Como instinto, es algo que aflora en las relaciones humanas cuando se observa algún que otro motivo de injusticia; este es el motor que pone en marcha la generosidad, querer subsanar una injusticia cuando detectamos que alguien no goza de un bien universal como es la justicia, la equidad, la igualdad, cualidades éstas que, a fin de cuentas, son matices de un mismo aspecto, el sentir humano de solidaridad hacia los demás.

También puede tratarse de una disposición personal, e incluso un medio de afirmar el ego de cada cual.

Ejercer la generosidad es una labor delicada que requiere mesura, razón y, sobre todo, oportunidad.

El que la ofrece sin medida puede causar dos resultados diferentes y diferenciados: herir la sensibilidad del receptor, ya que éste puede interpretar que se menosprecia su valía, o bien empujarlo a una comodidad superficial que imita su reacción ante la adversidad y obstruye su capacidad para hacer frente a los problemas, que, sin duda, la vida presenta.

Frecuentemente la generosidad se convierte en invasión del terreno ajeno, de lo personal del otro, donde no vale ni la espontaneidad ni la abundancia.
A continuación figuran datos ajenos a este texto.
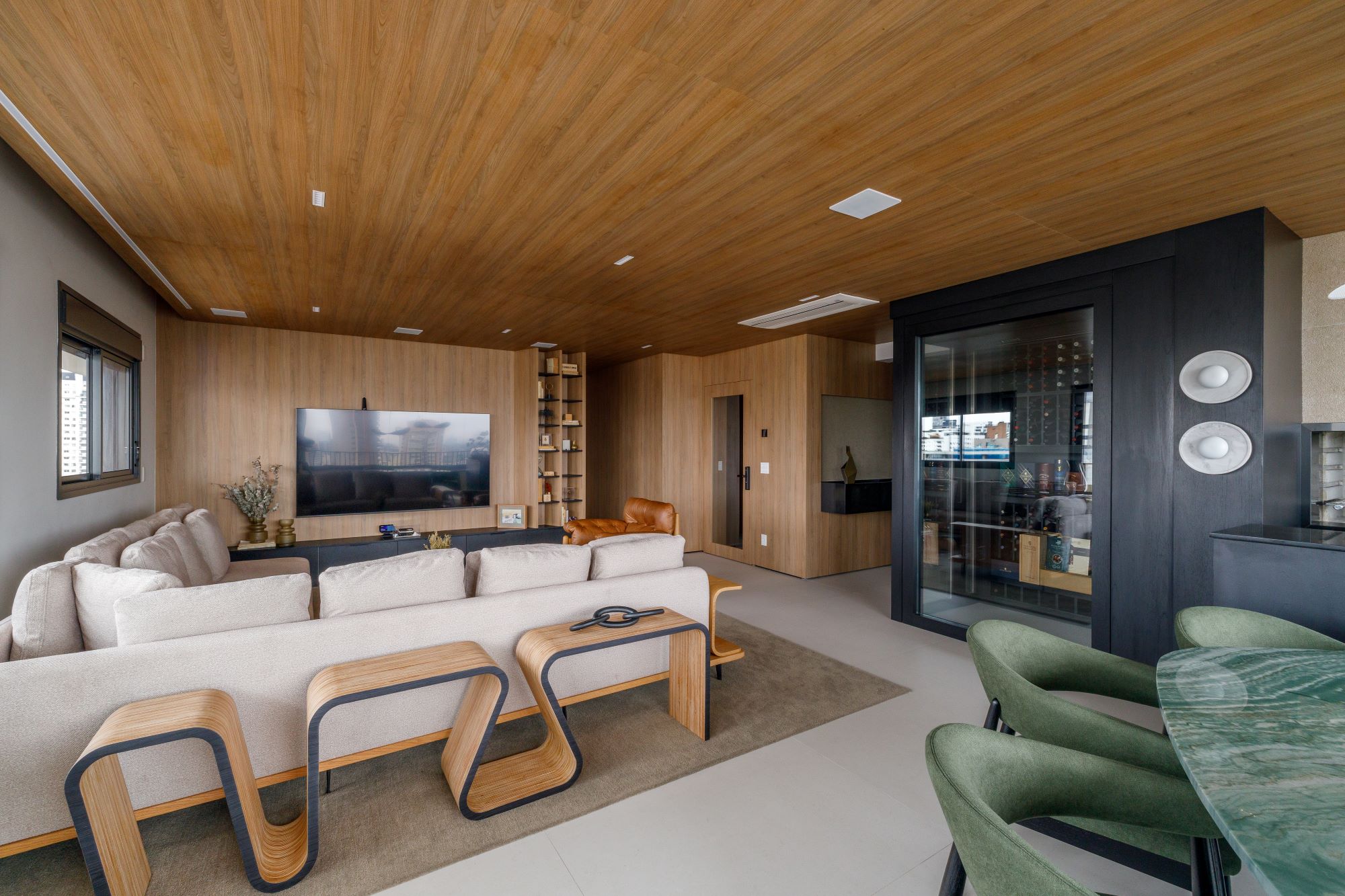 Integração e adega walk-in marcam projeto contemporâneo em apê de 180m²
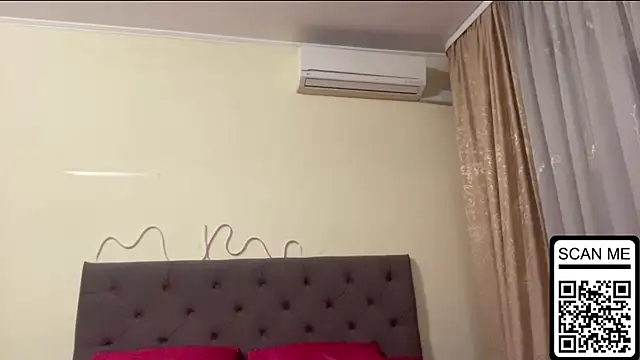 Snapshot of Dreamyblushfairy chatting on October 2025 05:34:02 PM Dreamyblushfairy online show from October 2025 05:34:02 PM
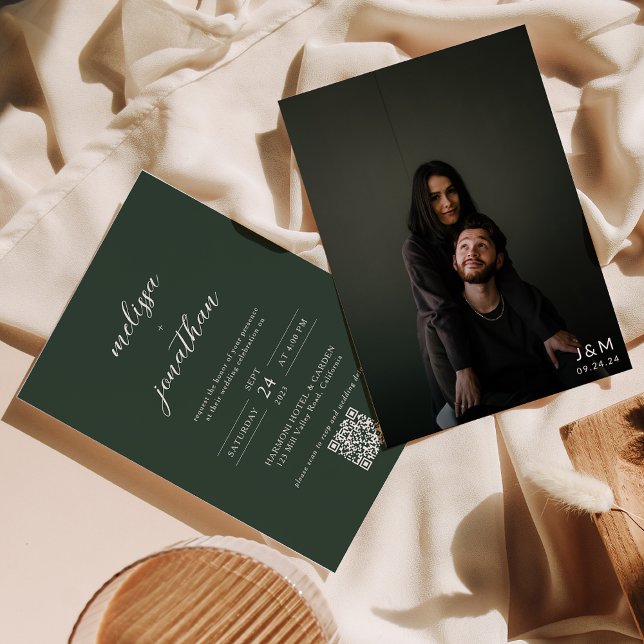 Convites Monograma Verde Escuro Moderno Casamento QR (Criador carregado)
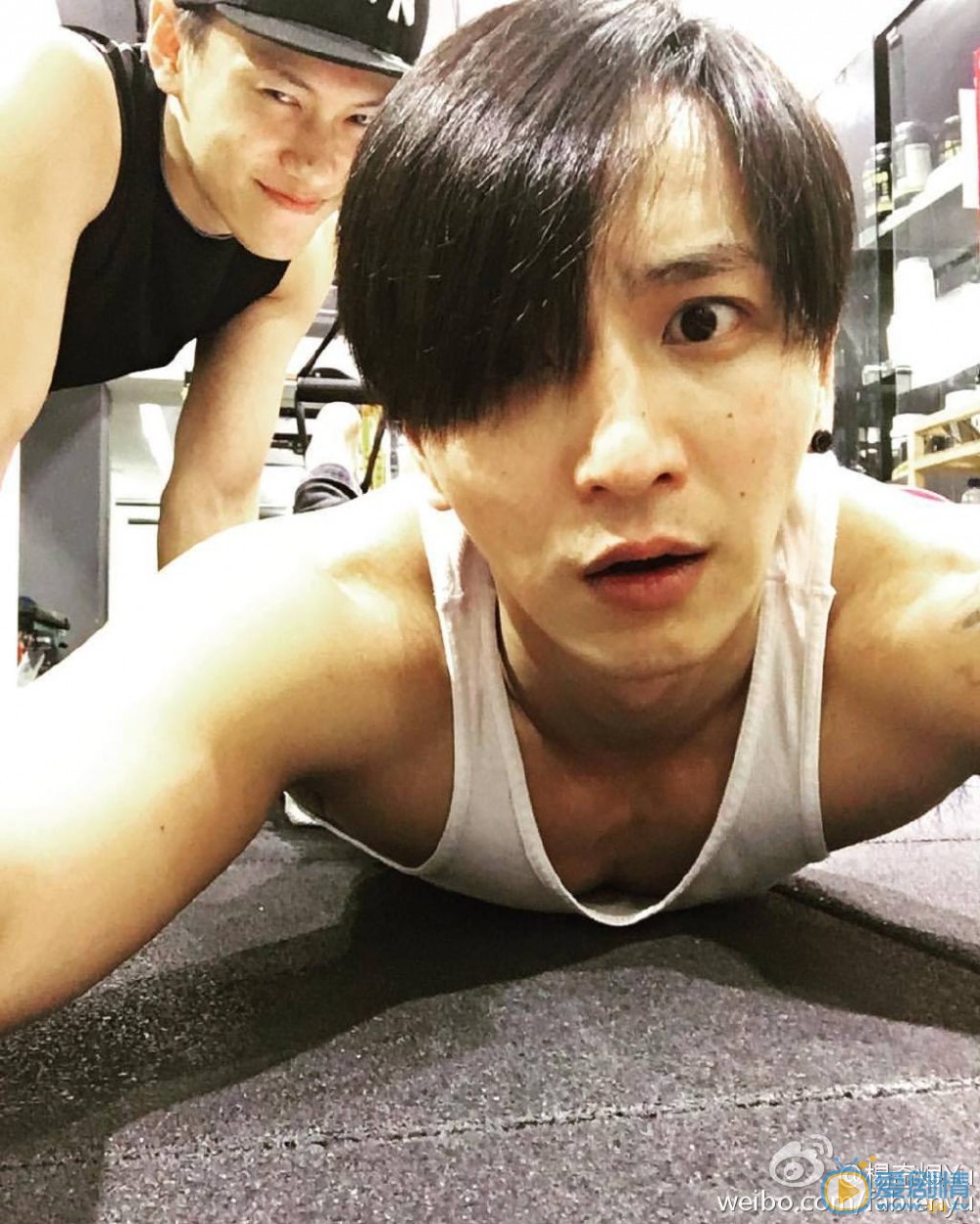 杨奇煜健身照 杨奇煜高清写真_杨奇煜高清剧照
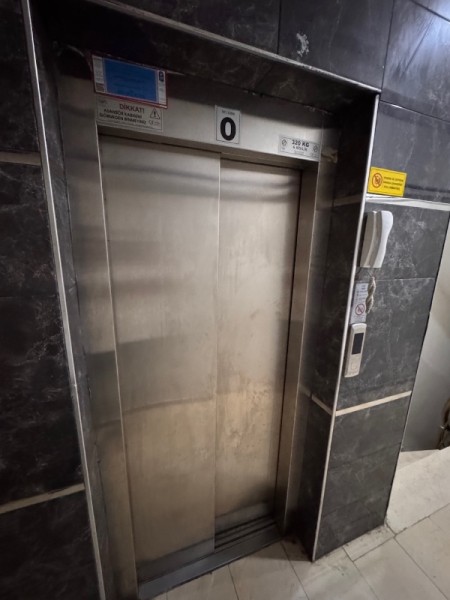 Çırçır’da Metroya Yakın 3+1 Kapalı Otoparklı Geniş Satılık Daire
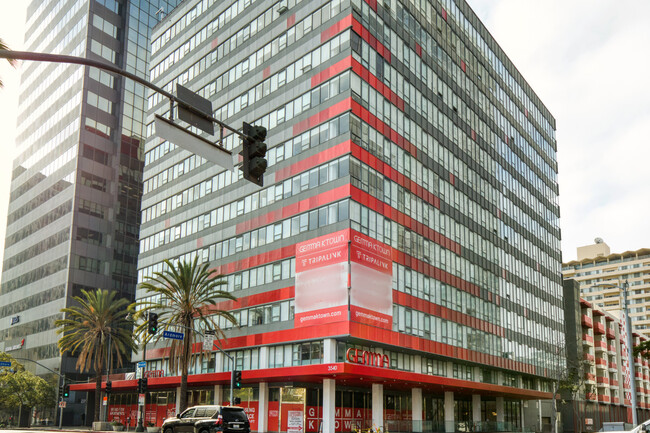 Building Photo - 3540 Wilshire Blvd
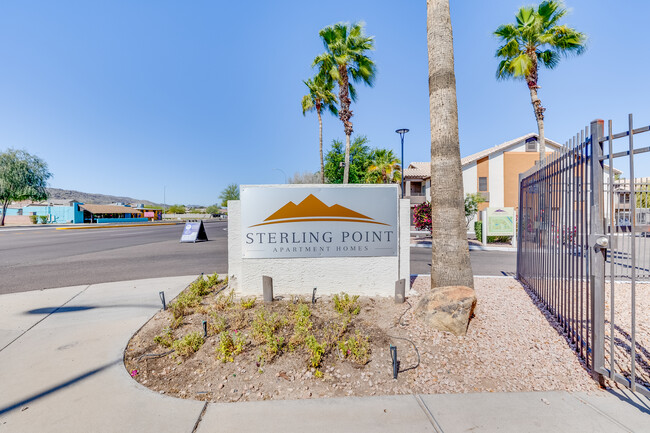 Sterling Point Apartments in Phoenix, AZ - Building Photo - Building Photo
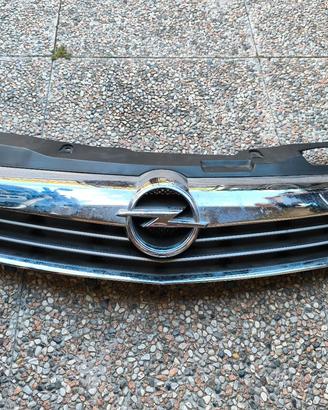 Calandra anteriore cromata opel Astra H 2007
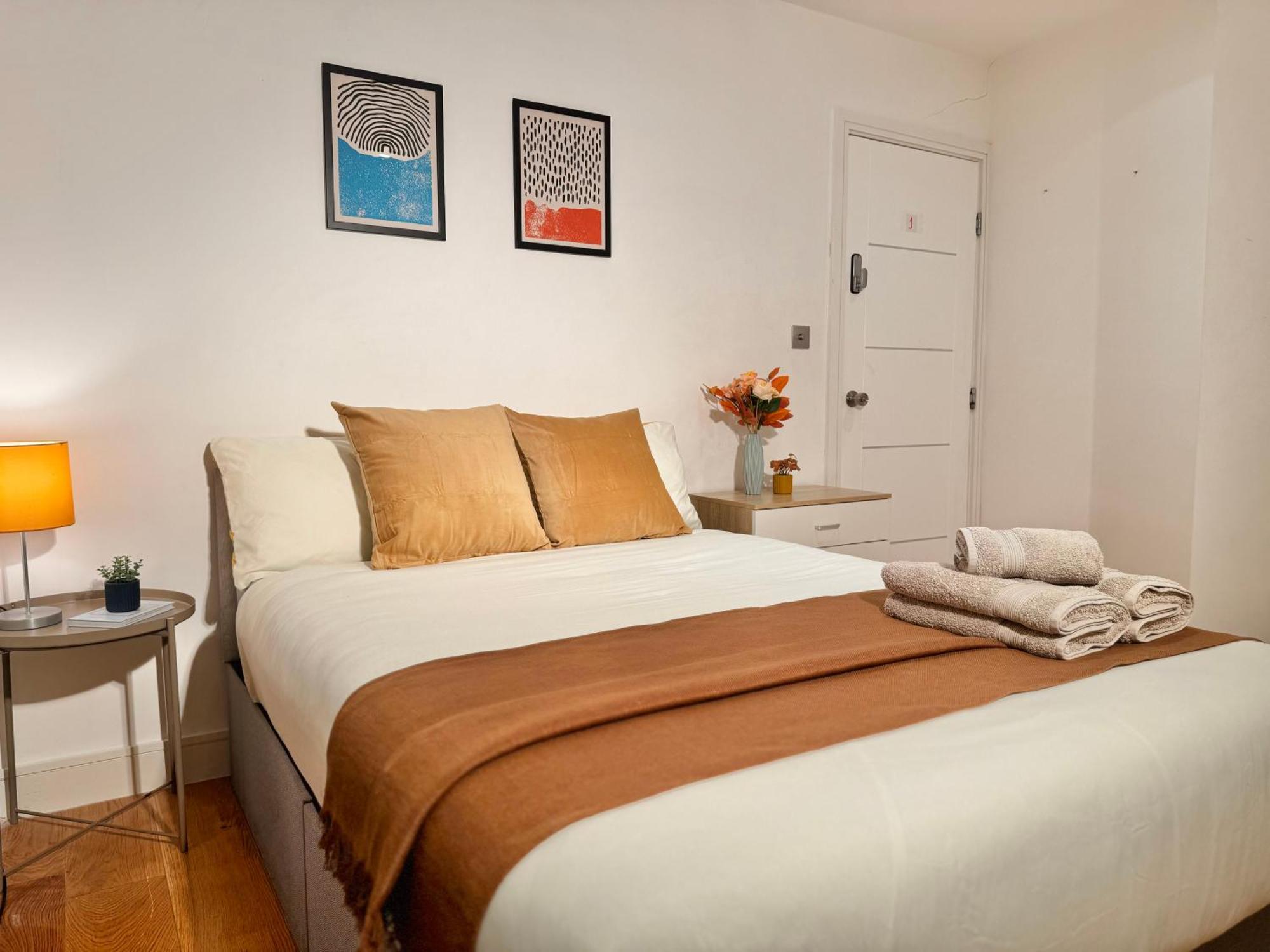 En-Suites With Free Parking 30Min To Central Londres Extérieur photo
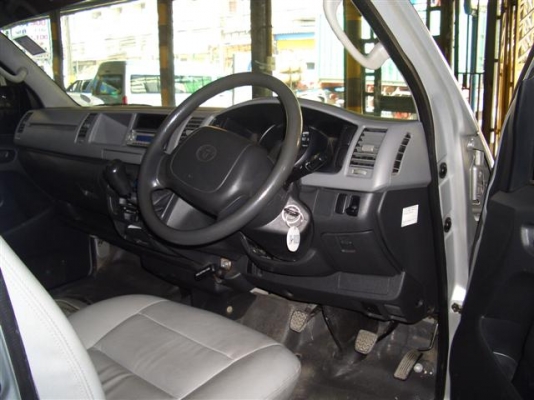 รถตู้commuterหลังคาสูง2.5D4D เบาะหนังVIP4แถว ไฟแนนซ์จัดเต็มFREEดาวน์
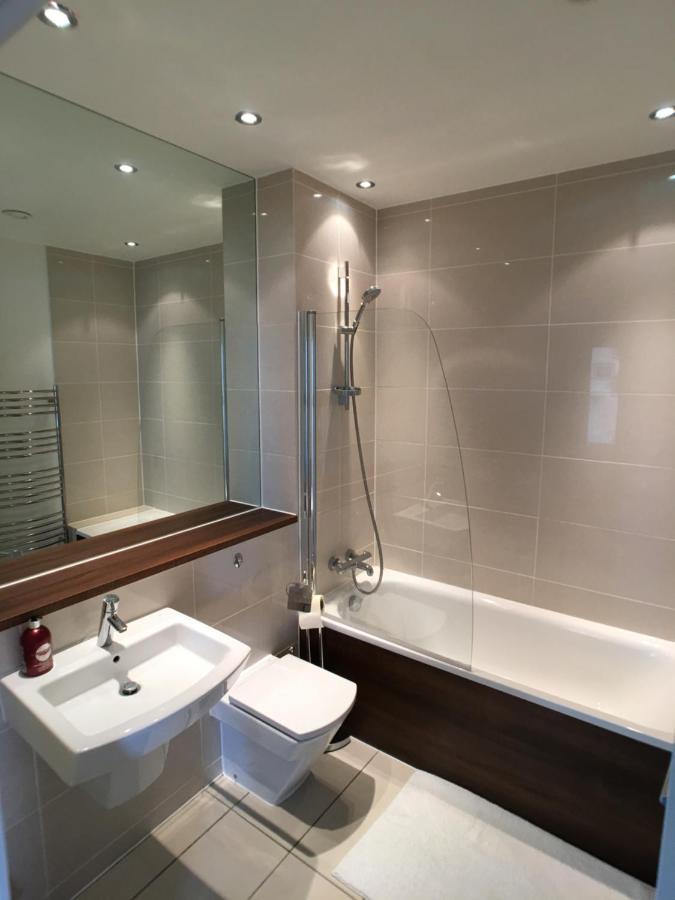 Luxury 2 Bed Penthouse Apartment Near Station Лондон Екстериор снимка
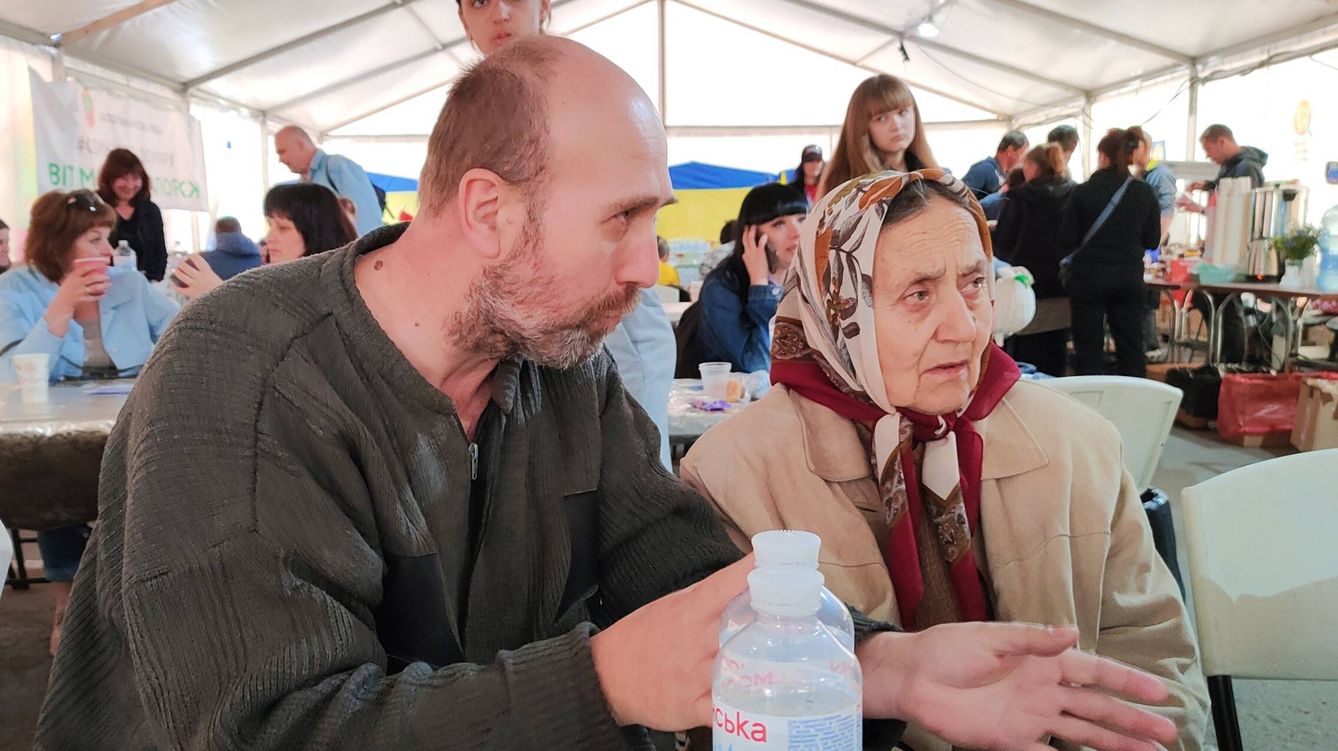 Roman y Antonina, en el centro de evacuados de Zaporiyia. (KAP)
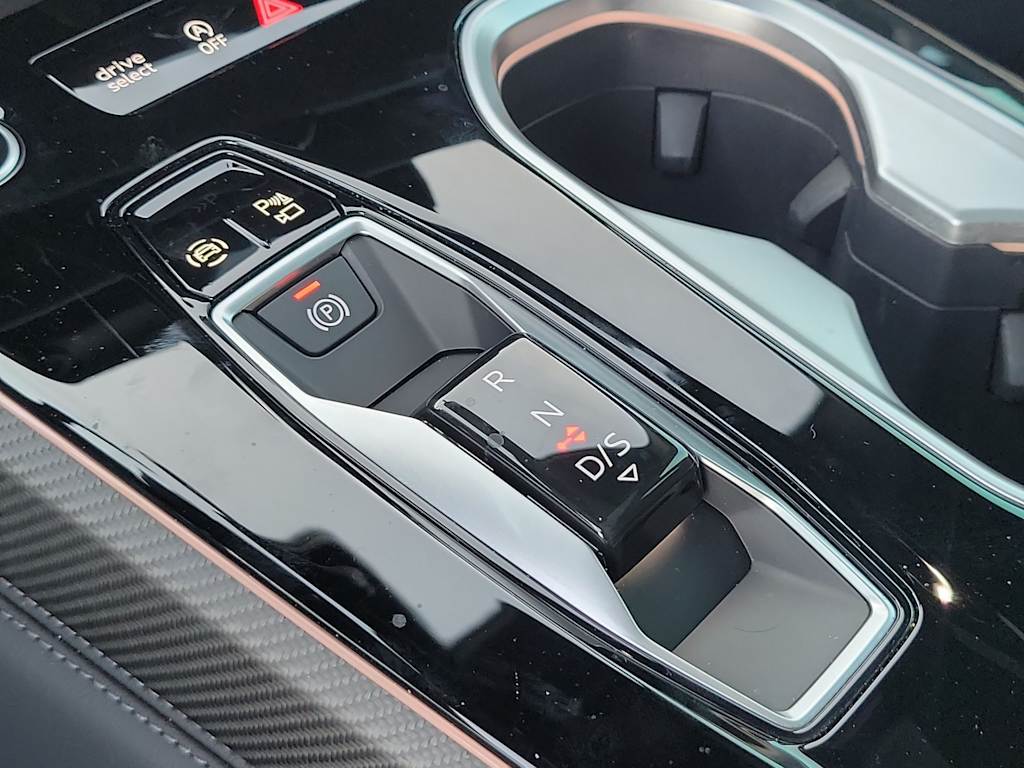 Thumbnail: 2026 Audi A6 - 15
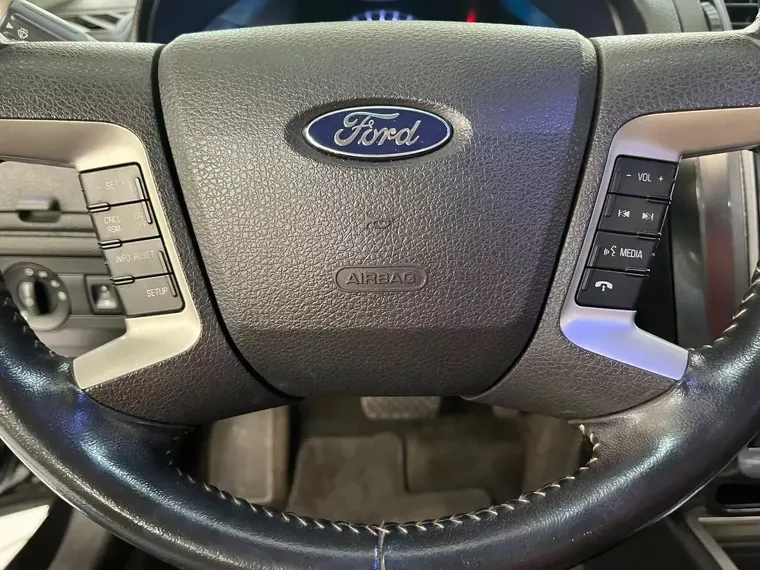 Ford Fusion Preto 11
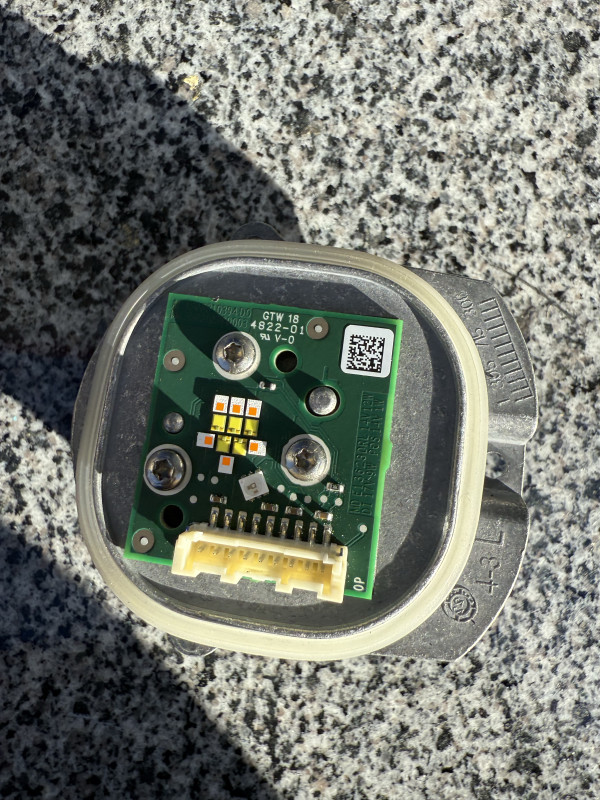 BALAST LED MODUL AUDI MERCEDES 1305715306 GTW 18 4822-01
Se impone, más bien, el ser comedido y discreto.

La generosidad se practica en la intimidad, sin luces ni taquígrafos, con suavidad y con compostura y sin retención de memoria, porque nunca pasaremos factura de un acto de generosidad a menos que queramos frustrarlo, para convertirlo en una mera especulación.

Los que pueden dar y suelen hacerlo, deberían reflexionar antes hasta dónde les lleva su actitud, ya que se puede nutrir al aprovechado, al oportunista en vez de ayudar al necesitado.

Leí en un artículo de “CENIT” (periódico del exilio confederal español en Francia) una hermosa expresión, que según su autor la escribió Alberto Carsi Lacase, cuñado del valenciano historiador e intelectual Vicente Blasco Ibañez. Y decía: “El agua es la única divinidad que vemos bajar del cielo”.  Viene a colación por esa disposición que mucha gente tiene esperando resolver sus problemas económicos por la generosidad divina. Juegos de azar, loterías, boletos de múltiples rifas. Se sigue esperando una generosidad y la unimos a una fantasía creciente, a un capricho del destino.

En las familias es frecuente comprobar que no todos son generosos con los demás y es a menudo la madre la que está en mejor disposición para darlo todo por los otros, no solo en lo material, también en lo moral, en sacrificio, en lo que sea. Otras veces es el padre, que después de muchas horas de trabajo sólo lleva en su pensamiento qué ofrecer a los suyos para que no carezcan de nada.

La generosidad puede ser, a veces, un “parche” necesario en una sociedad en evolución, ya que si justicia hubiere la generosidad estaría demás.